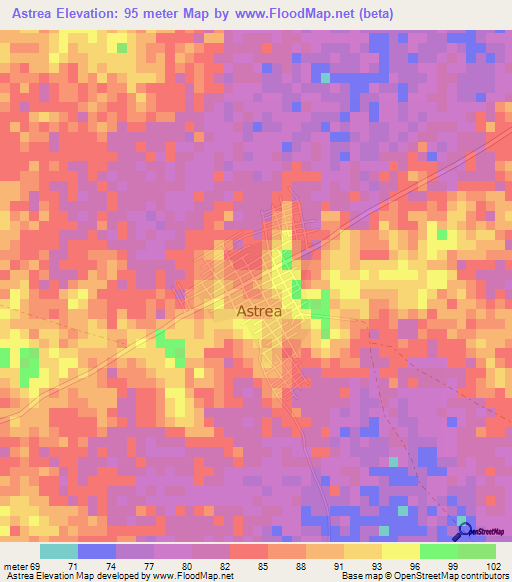 Astrea,Colombia Elevation Map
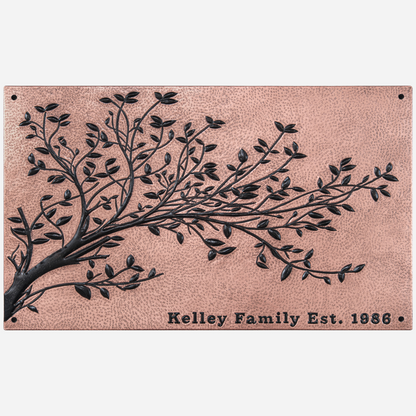 Copper House Sign (Tree Branches with Leaves) - Natuross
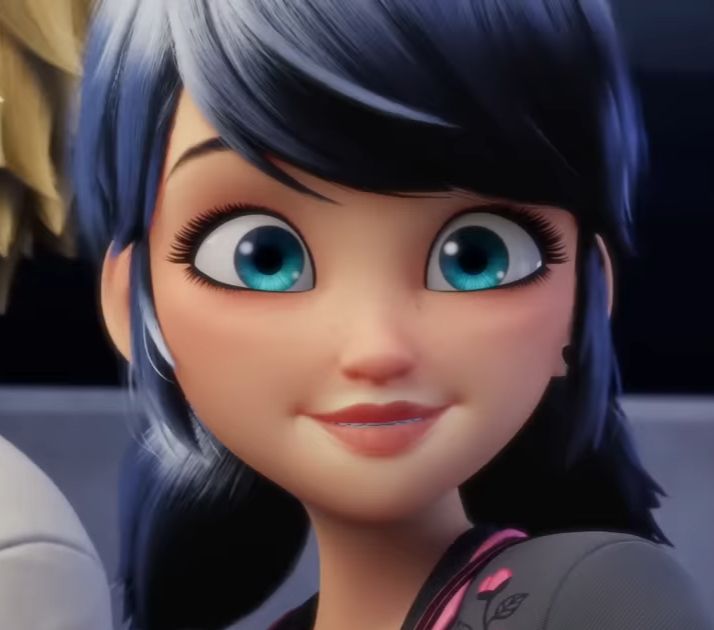 Marinette smiling at some people off screen while standing next to Adrien.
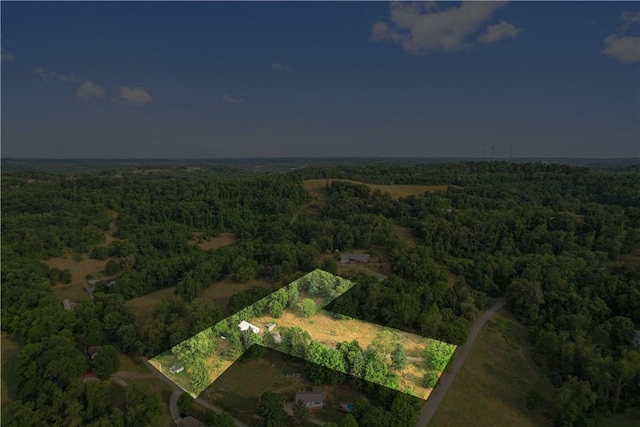 birds eye view of property with a view of trees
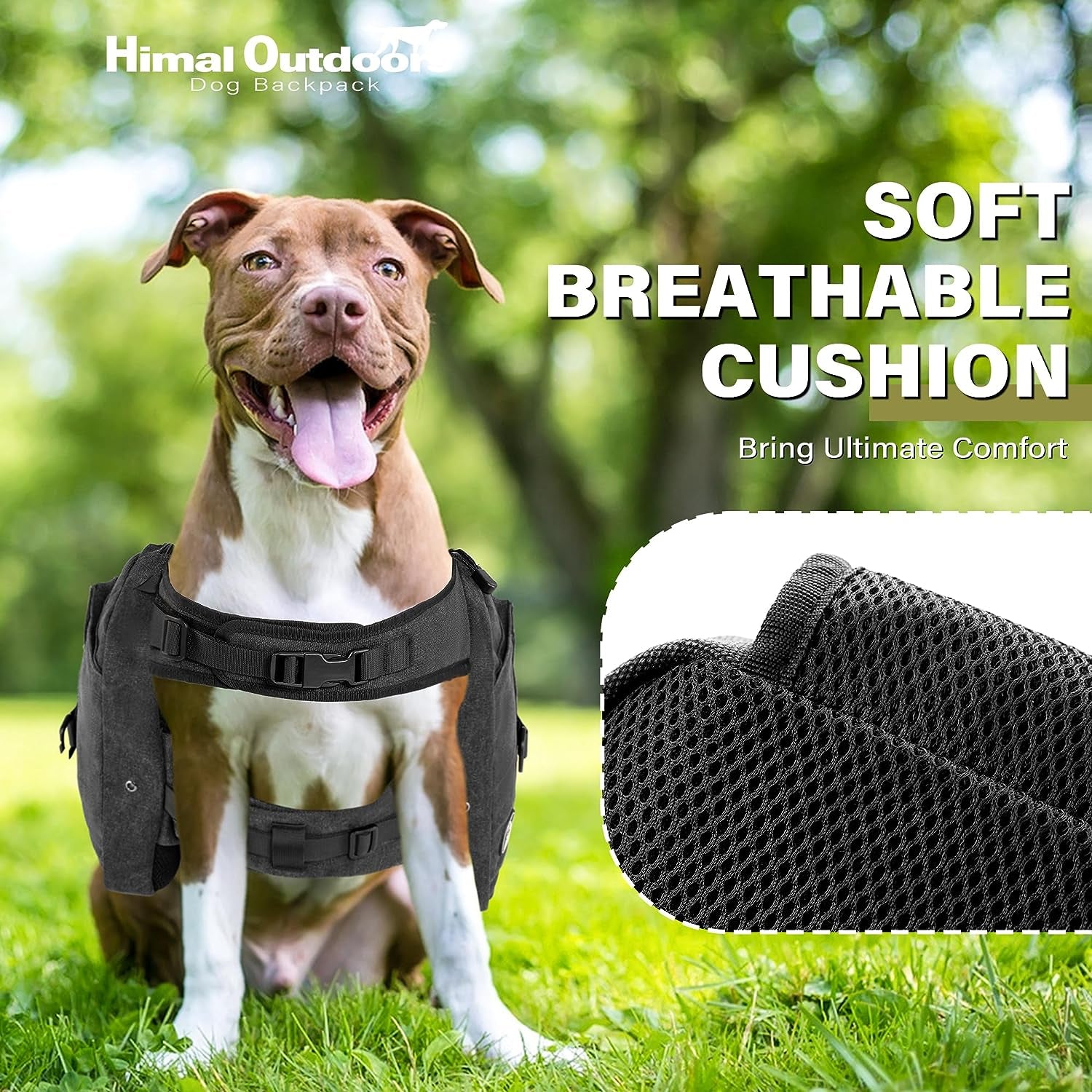 Outdoors Tactical Dog Backpack and Saddle Bag for Large Dogs, Featuring Side Pockets and Adjustable Straps for Hiking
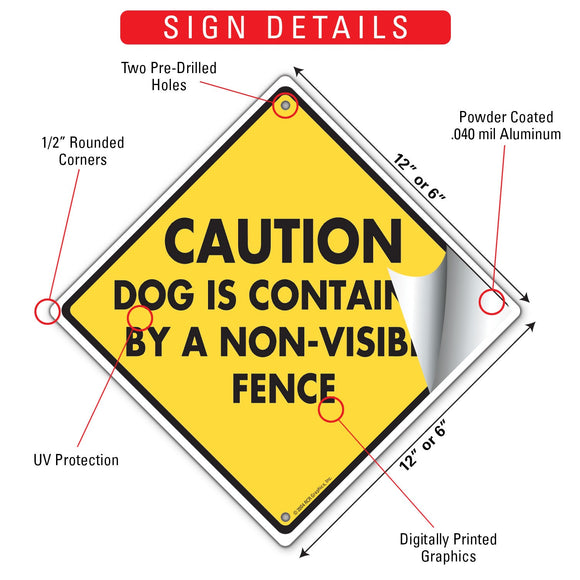Caution! Dog Contained Non-Visible Fence Signs or Sticker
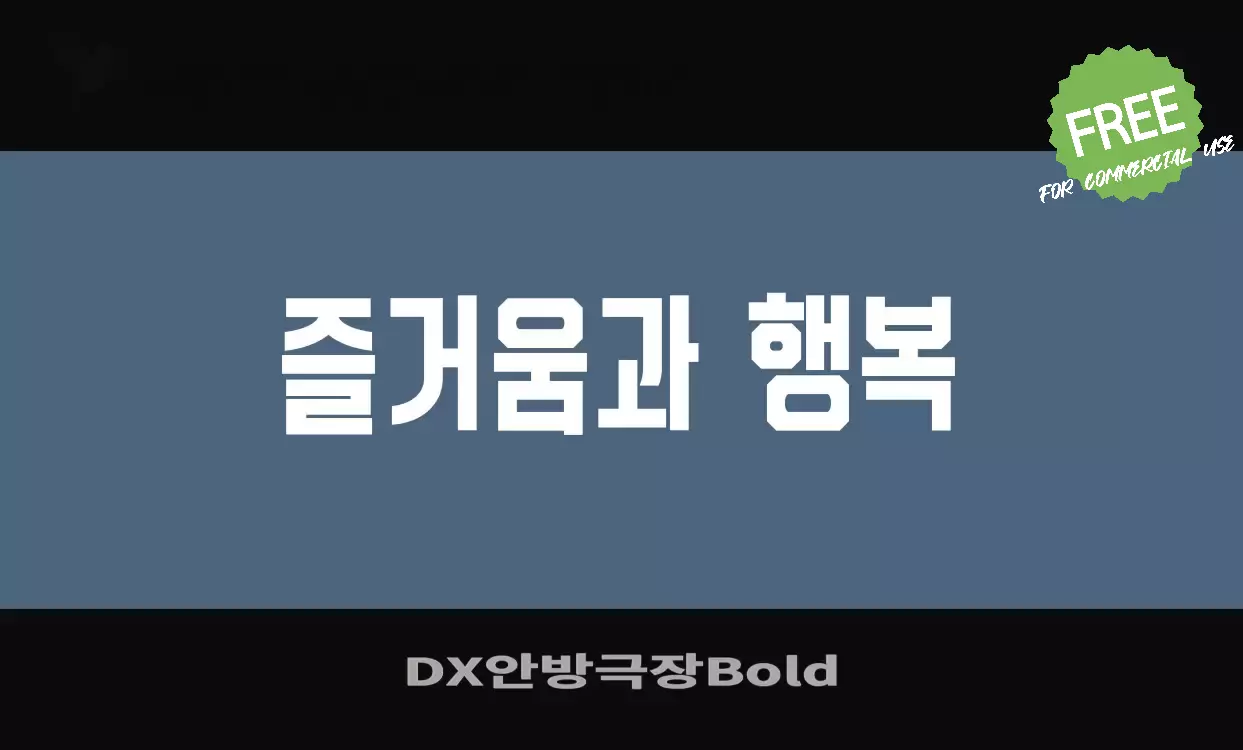 「DX안방극장Bold」字体效果图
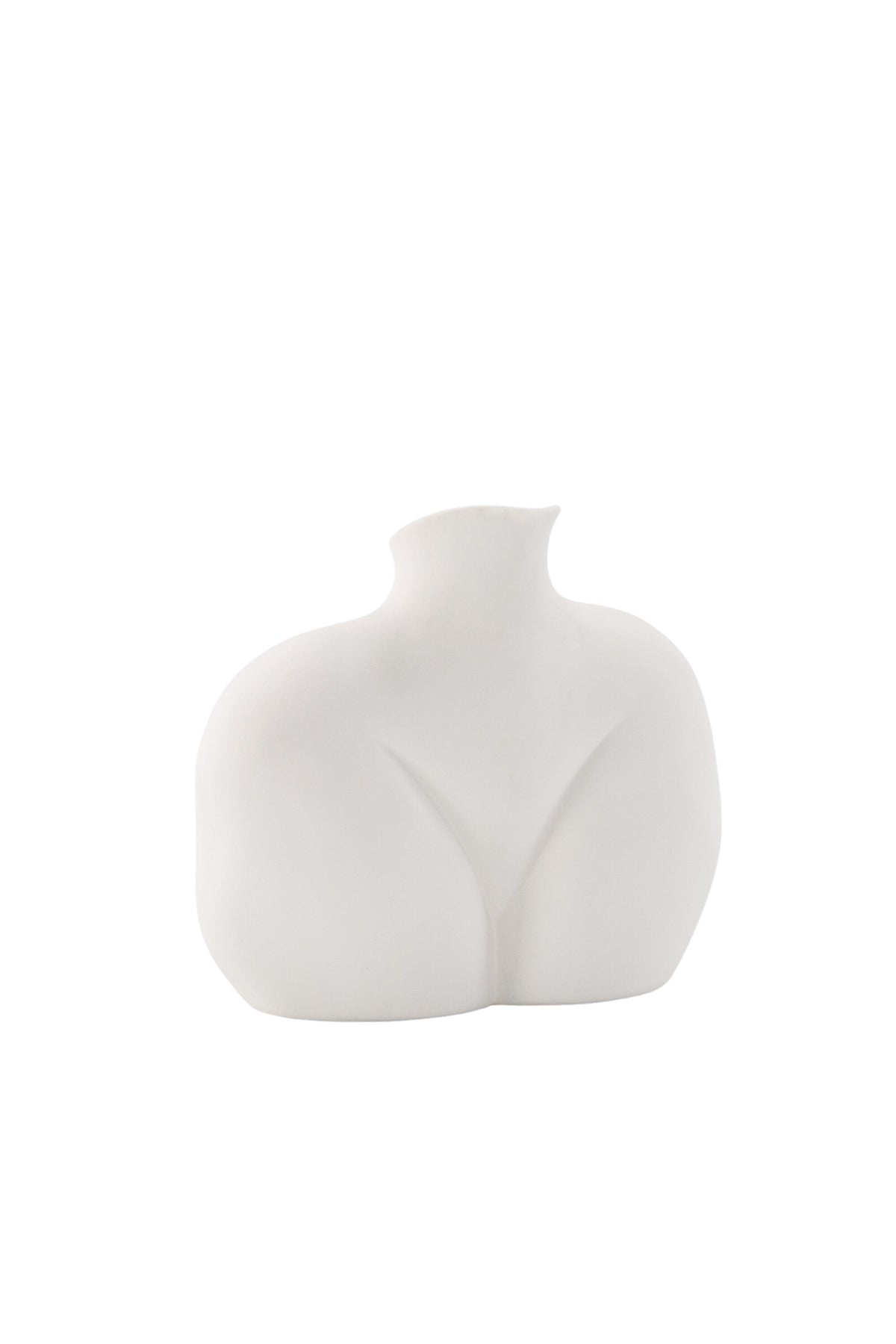 Cremefarbene Harvey Vase aus Steinzeug von Venture Home mit geschwungener, an die weibliche Form angelehnter Silhouette.
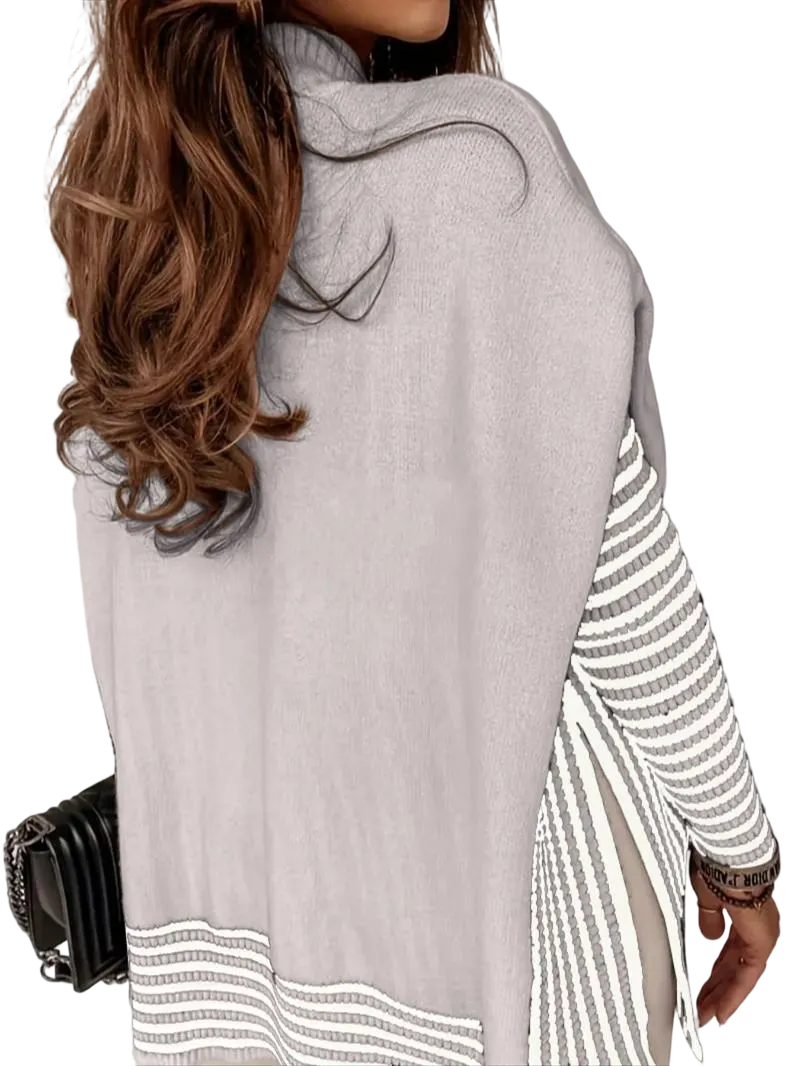 Women's Striped Patchwork Print Batwing Sleeve Split Hem Sweater for Fall & Winter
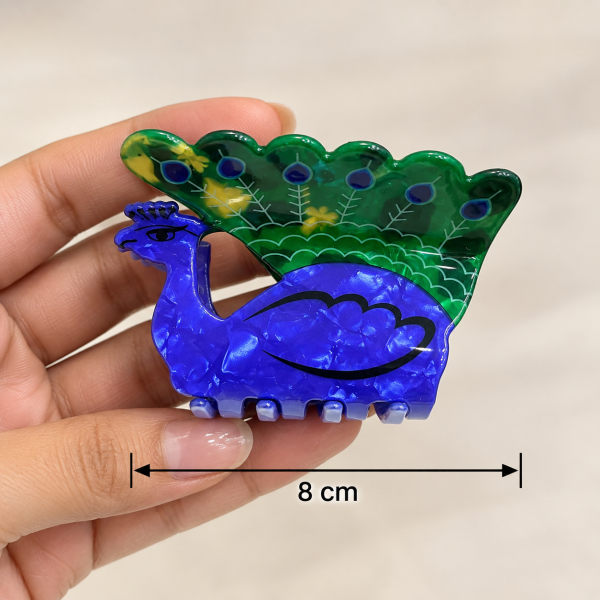 Fashion Alley 8 Cm Peacock Design Hair Claw For Women Pack Of 12 Pc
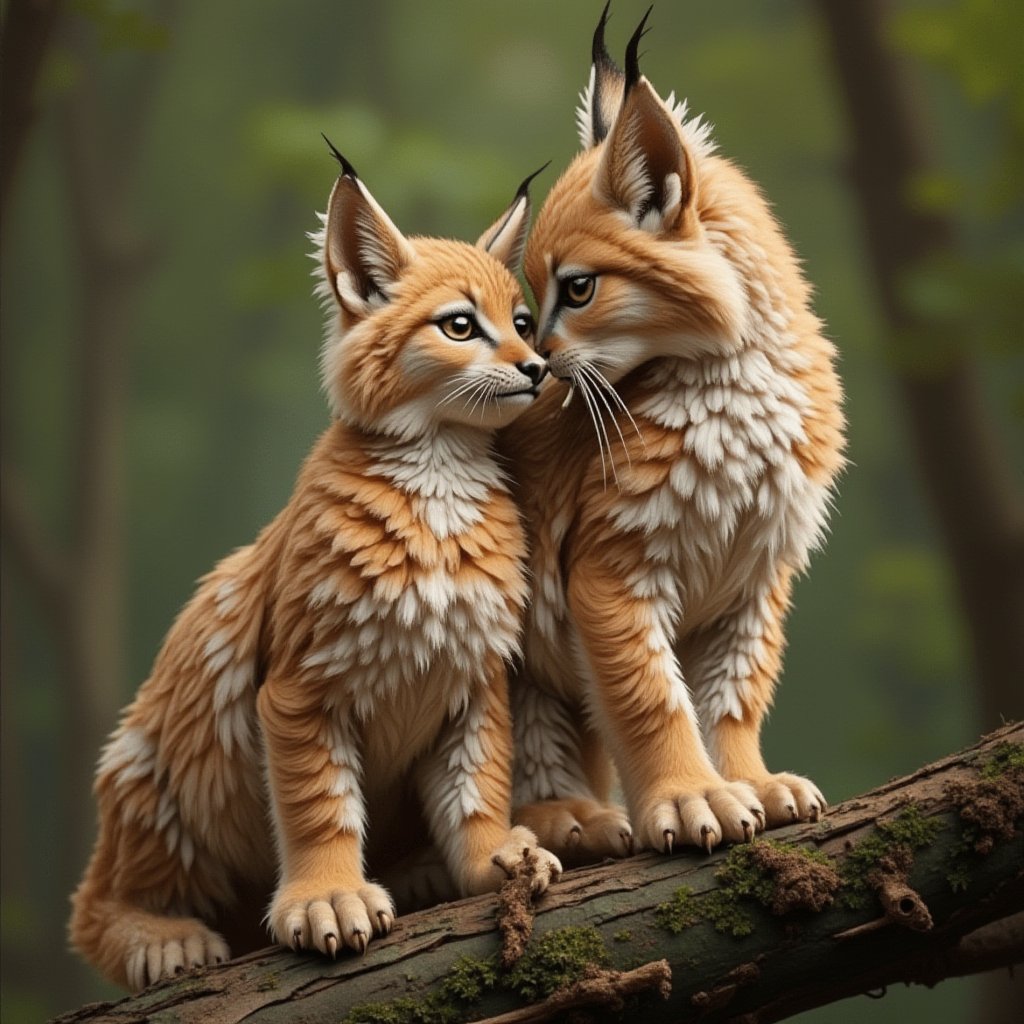 Simple background: On a branch of a tree, a male baby lynx and a female baby lynx engage in love movements. The male baby lynx is on the back of the female, with his tail constantly moving.  Creating a happy and smiling scene. High-quality, perfect lynx body movements, super detailed, and superb photography from award-winning photography. The scene captures the natural, full-of-love behavior of nature, with light and shadow enhancing the masterpiece.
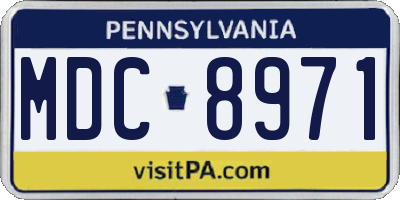 PA license plate MDC8971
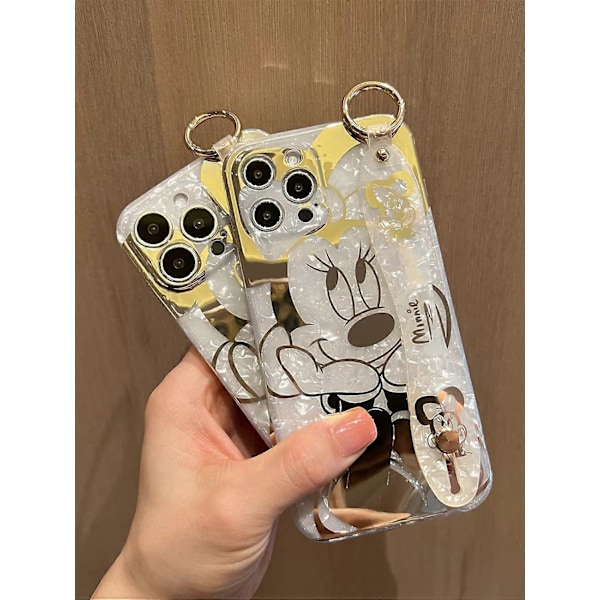 Tegneserie-deksel til iPhone 12 Pro Max, Søtt Gullfarget Mikke Mus-glitterdeksel med Metallkjedestropp, Håndleddsstropp Stativ Myk TPU Støtsikker Beskyttelse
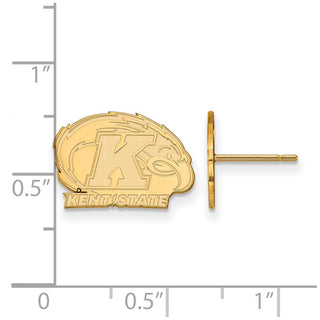 Sterling Silver Gold-plated LogoArt Kent State University Extra Small Post Earrings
· · ·
**EXERCISE INSTRUCTIONS:** I'd like every record above written out again exactly, without the pictures.

**SOLVED EXERCISE:**
 Astrea,Colombia Elevation Map
 Copper House Sign (Tree Branches with Leaves) - Natuross
 Marinette smiling at some people off screen while standing next to Adrien.
 birds eye view of property with a view of trees
 Outdoors Tactical Dog Backpack and Saddle Bag for Large Dogs, Featuring Side Pockets and Adjustable Straps for Hiking
Caution! Dog Contained Non-Visible Fence Signs or Sticker
 「DX안방극장Bold」字体效果图
 Cremefarbene Harvey Vase aus Steinzeug von Venture Home mit geschwungener, an die weibliche Form angelehnter Silhouette.
 Women's Striped Patchwork Print Batwing Sleeve Split Hem Sweater for Fall & Winter
 Fashion Alley 8 Cm Peacock Design Hair Claw For Women Pack Of 12 Pc
 Simple background: On a branch of a tree, a male baby lynx and a female baby lynx engage in love movements. The male baby lynx is on the back of the female, with his tail constantly moving.  Creating a happy and smiling scene. High-quality, perfect lynx body movements, super detailed, and superb photography from award-winning photography. The scene captures the natural, full-of-love behavior of nature, with light and shadow enhancing the masterpiece.
 PA license plate MDC8971
 Tegneserie-deksel til iPhone 12 Pro Max, Søtt Gullfarget Mikke Mus-glitterdeksel med Metallkjedestropp, Håndleddsstropp Stativ Myk TPU Støtsikker Beskyttelse
 Sterling Silver Gold-plated LogoArt Kent State University Extra Small Post Earrings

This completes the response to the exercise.